In Hamburg, Mustafa Yoldas, the director of the Council of Islamic Communities, saw a correlation to the discord in Iraq.
"This is a very dangerous situation at the moment," Yoldas said. "My impression is that Muslims have become more and more angry against the United States."
Hundreds of young Muslim men are answering the call of extremists into groups affiliated or aligned with al-Qaeda, intelligence and counterterrorism officials in the region say.

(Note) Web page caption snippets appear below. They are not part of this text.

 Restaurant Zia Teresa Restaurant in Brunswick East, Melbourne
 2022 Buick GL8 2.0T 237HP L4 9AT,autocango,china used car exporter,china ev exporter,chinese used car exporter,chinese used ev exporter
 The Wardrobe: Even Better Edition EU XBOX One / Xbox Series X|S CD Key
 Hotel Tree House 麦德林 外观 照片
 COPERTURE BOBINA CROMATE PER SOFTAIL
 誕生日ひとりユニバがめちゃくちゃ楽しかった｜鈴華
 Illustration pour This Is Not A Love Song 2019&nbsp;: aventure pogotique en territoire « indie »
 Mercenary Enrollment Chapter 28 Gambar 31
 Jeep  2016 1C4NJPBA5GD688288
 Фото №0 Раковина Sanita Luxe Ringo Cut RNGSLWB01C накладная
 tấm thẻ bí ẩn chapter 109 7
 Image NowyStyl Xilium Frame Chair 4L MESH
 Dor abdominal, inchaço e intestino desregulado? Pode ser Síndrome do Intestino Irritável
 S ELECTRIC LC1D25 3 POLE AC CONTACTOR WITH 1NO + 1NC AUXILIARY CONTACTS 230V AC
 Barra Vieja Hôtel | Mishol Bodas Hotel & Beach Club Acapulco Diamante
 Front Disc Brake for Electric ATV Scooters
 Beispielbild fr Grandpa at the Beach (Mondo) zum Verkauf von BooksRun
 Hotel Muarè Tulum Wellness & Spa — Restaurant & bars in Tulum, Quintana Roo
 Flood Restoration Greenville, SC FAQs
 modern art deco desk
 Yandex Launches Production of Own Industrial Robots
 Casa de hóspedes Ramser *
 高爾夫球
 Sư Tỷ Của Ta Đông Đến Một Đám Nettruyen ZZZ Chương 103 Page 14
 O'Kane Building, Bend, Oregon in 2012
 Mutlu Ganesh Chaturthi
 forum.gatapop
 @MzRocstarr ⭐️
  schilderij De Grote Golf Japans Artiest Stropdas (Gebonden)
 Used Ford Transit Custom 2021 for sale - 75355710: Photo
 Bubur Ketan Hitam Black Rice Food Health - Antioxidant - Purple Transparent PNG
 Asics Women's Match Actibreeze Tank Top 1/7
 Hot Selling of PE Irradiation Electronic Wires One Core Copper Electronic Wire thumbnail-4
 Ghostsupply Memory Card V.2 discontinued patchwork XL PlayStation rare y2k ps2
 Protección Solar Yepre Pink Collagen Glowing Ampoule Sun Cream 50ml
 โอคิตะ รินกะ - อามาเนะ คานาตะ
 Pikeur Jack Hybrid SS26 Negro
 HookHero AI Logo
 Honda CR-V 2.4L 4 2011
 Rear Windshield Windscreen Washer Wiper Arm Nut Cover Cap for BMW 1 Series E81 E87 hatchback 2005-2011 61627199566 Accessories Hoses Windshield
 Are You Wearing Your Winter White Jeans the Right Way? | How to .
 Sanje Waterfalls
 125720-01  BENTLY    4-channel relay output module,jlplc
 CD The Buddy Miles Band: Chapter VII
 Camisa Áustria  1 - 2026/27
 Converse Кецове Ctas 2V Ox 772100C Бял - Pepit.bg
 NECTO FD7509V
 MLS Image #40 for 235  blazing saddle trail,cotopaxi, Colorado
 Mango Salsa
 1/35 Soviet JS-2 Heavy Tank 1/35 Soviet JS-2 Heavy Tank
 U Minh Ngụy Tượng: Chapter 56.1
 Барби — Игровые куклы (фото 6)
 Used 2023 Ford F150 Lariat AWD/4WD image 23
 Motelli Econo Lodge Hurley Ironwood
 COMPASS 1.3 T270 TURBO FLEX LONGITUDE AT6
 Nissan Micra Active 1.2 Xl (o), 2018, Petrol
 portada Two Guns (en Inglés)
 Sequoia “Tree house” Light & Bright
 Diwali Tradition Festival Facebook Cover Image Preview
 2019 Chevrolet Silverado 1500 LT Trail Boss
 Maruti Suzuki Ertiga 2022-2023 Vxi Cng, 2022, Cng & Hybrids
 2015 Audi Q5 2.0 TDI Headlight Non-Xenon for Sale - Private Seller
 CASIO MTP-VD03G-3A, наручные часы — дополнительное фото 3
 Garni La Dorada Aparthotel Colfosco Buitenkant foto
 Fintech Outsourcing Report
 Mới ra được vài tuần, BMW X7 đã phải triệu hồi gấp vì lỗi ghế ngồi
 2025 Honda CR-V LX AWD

Even more worrying, said a senior British counterterrorism official, is that the level of "chatter" -- communications among suspected terrorist figures and their supporters -- has markedly increased since bin Laden's warning to Europe this month. The spike in chatter has given rise to acute worries that planning is advanced toward another strike in Europe.
"Iraq dramatically strengthened their recruitment efforts," one counterterrorism official said. He added that some mosques now display photos of US soldiers fighting in Iraq alongside bloody scenes of bombed-out Iraqi neighborhoods. Detecting actual recruitments is almost impossible, the official said, because it is typically done face to face.
And recruitment is paired with a compelling new strategy to bring the fight to Europe.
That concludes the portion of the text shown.